Dans les monts de Matmata, les villages troglodytes, nés sans doute d’un semblable besoin de sécurité, obtenue ici par le camouflage, ont conditionné un mode de vie légèrement différent, plus individualiste. Les demeures excavées dans une terre rougeâtre assez tendre s’ordonnent autour d’un trou circulaire servant de cour sur laquelle s’ouvrent plusieurs chambres voûtées. Situées sur un plateau de terre nue hérissée de palmiers, elles forment un paysage irréel, lunaire.

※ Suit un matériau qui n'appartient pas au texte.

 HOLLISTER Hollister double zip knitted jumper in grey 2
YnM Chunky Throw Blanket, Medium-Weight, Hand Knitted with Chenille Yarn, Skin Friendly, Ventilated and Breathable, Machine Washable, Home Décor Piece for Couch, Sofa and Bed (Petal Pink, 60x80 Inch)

L’époque moderne, bouleversant l’économie ancestrale a, cependant, aux uns comme aux autres, enlevé leurs raisons d’être. Ces villages, délaissés au profit de villages modernes et plus fonctionnels implantés dans la vallée, déjà presque sans hommes onze mois sur douze, se dépeuplent lentement.
De l’autre côté des montagnes, le Grand Erg Oriental déploie brutalement ses hauts cordons de dunes. Les nombreux oueds dévalant la montagne se perdent dans les sables. Ici et là, l’eau souterraine s’échappe du sol, formant des sources et apportant la vie. L’oasis au cœur du désert… A Bir Soltane, l’eau est fraiche. A Ksar Ghilane ou Aïn Essbat, c’est une eau chaude thermale qui jaillit du sol.

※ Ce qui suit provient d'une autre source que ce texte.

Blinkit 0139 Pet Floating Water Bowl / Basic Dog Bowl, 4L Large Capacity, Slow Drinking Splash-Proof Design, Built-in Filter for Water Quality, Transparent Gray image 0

Les caravanes et les nomades pasteurs allaient ainsi de point d’eau en point d’eau. Aujourd’hui, les bergers, nomades ou semi-nomades, viennent y abreuver leurs troupeaux. Certains vivent à l’année dans le désert, d’autres habitent les oasis et ne nomadisent qu’à certaines périodes de l’année.
Les oasis s’étendent beaucoup plus à l’ouest de la Tunisie, dans la région de Douz et de Tozeur. Plus près, Ksar Ghilane, encerclée par les dunes rouges du Grand Erg Oriental, sa palmeraie irriguée par la source thermale, ses tamaris habités par une multitude d’oiseaux, son fort romain abandonné aux sables…, mais aussi, ses hordes de touristes venant y passer la nuit.